City has eye on the airport
The meeting will be at 5 p.m. at council chambers in city hall, 710 W. Ave. A.
“ This all ties into capital improvements planned there,” said City Manager Robert Bradshaw. “We want to get a focus on what we’re doing out there.”
In September, the Texas Transportation Commission approved a grant of more than $600,000 to be used for improvements including replacement of an Automated Weather Observing System ( AWOS) and engineering, environmental assessment and design plans for anticipated pavement and lighting work.
The engineering and environmental assessment work will be the first part of a fouryear state plan for a few million dollars worth of improvements at the airport, city officials have said. Improvements are to include security fencing, lights, security cameras, runway repairs and taxiway and runway extensions.
Development at the airport could translate to boosts for the Port Aransas economy. While many folks drive to Port Aransas for vacations, some fly here aboard their private planes for long and short visits.
According to Randy Hansen, the airport’s manager, on a nice weekend, as many as 80 small planes might land at the facility, which lies just northwest of the intersection of State Hwy. 361 and Beach Access Road 1A.

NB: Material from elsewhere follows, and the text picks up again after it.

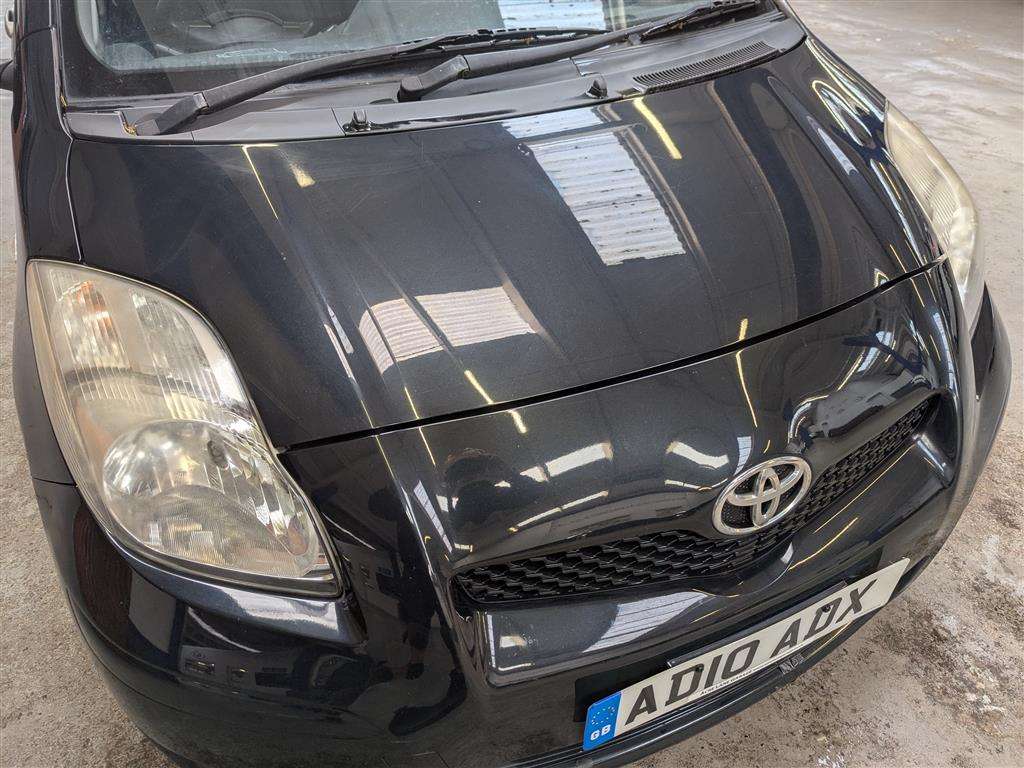 <p>2010 TOYOTA YARIS TR VVT-I</p>
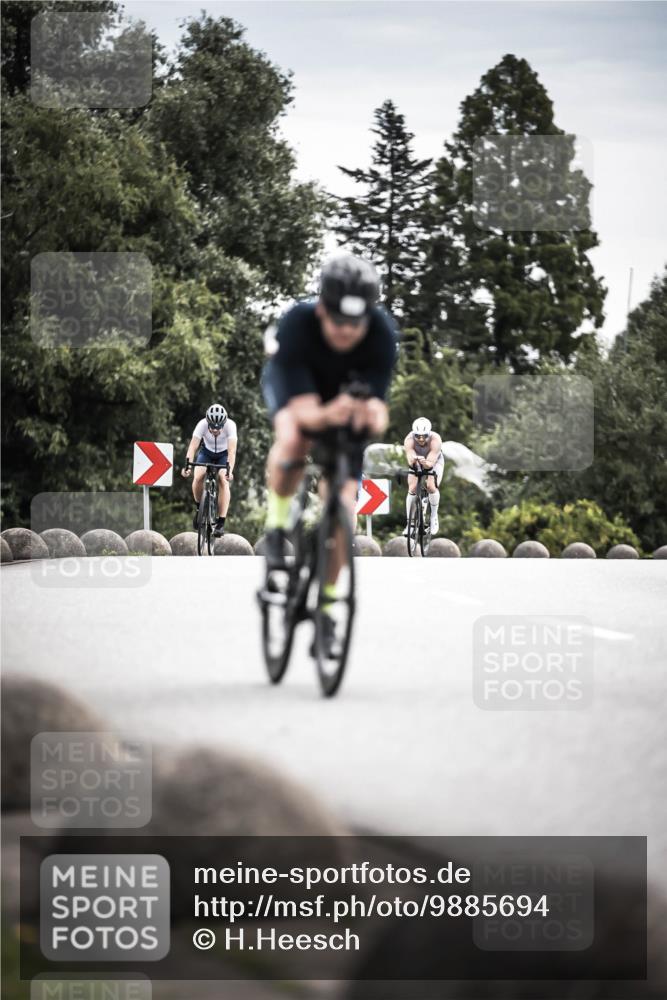 21.06.2026 - 29. Vierlanden-Triathlon H.Heesch http://msf.ph/oto/9885694 21.06.2026 10:37:45 Radfahren 20, 27, 35, 67, 233, 275, 336, 361, 395, 429 meine-sportfotos.de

Airport issues were put on the agenda for today’s council meeting after the city’s Airport Advisory Board met on Tuesday, Dec. 6, and voted unanimously to make a number of recommendations for council action. Among them:
• Increasing fees for vehicle parking spaces. Right now, a pilot can pay a $40 annual fee and leave his or her vehicle there, year-round, so that the vehicle is available each time the pilot lands there. The board has recommended upping the fee to $100 a year.

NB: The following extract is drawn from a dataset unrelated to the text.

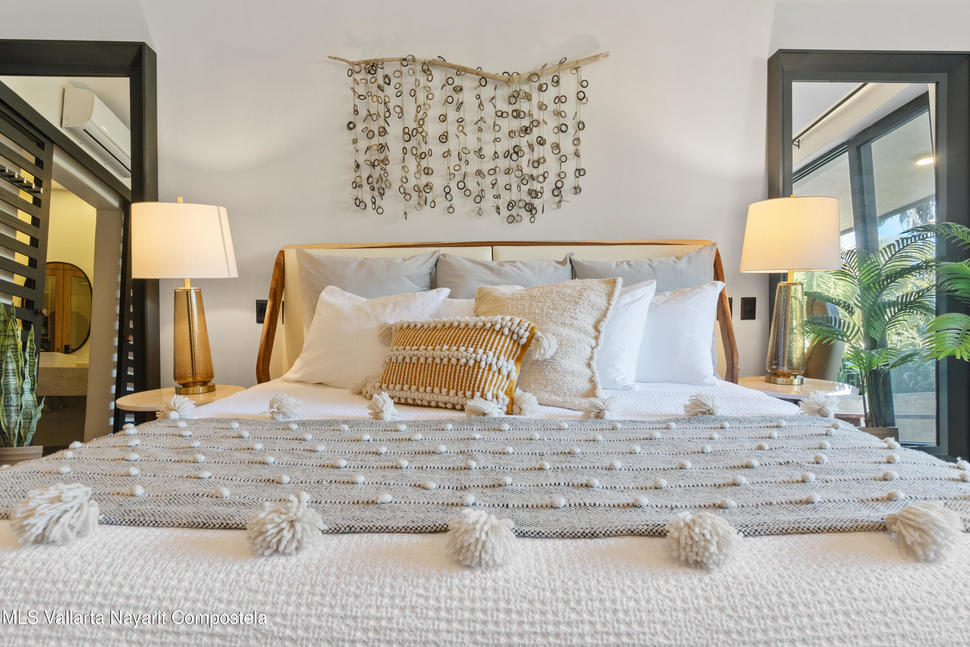 20251208181342645590000000 o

• Hiking the fee for reserved aircraft parking spaces. Currently, a plane owner may reserve a paved spot for $306 a year. The board is recommending that it go up to $600 a year.
• Increasing hangar lease fees from the current $400 a year to $1,000 a year.

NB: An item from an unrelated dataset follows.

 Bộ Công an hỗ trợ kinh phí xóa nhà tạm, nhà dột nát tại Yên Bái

Paul Davis, chairman of the airport board, said the board favored the fee increases after surveying what similar airports charge.
“We were charging much less than others, and we’re bringing that into line,” Davis said, adding that the board wants to see additional revenue generated for the Port Aransas airport.
The board also voted to recommend that the council approve:
• Establishing a regular meeting schedule for the airport board. Up until now, the board has had no set meeting schedule, meeting at the discretion of the chairman. The board is recommending that meetings be set quarterly.
• Starting a new rule that either the airport board chairman or vice chairman has to be a Port Aransas resident. Right now, no one on the board has to be a resident of the city. Davis is the only person on the board who is not a resident. He lives in Rockwall but travels to Port Aransas for meetings.
• Calling on the Federal Aviation Administration to conduct an air space study to determine what kinds of uses are safe and unsafe at the airport.
• Asking the council to have the city attorney look into whether current lease activities comply with Texas General Land Office requirements. For instance, at least some hangar leases state that planes must be kept inside hangars, but some planes that are too big to get into hangars are being kept outside the structures, Davis said. Another suggested request to the city attorney has been a clarification on the legalities of operating a business out of an airport hangar. One business operates out of a hangar at Mustang Beach Airport, Hansen said.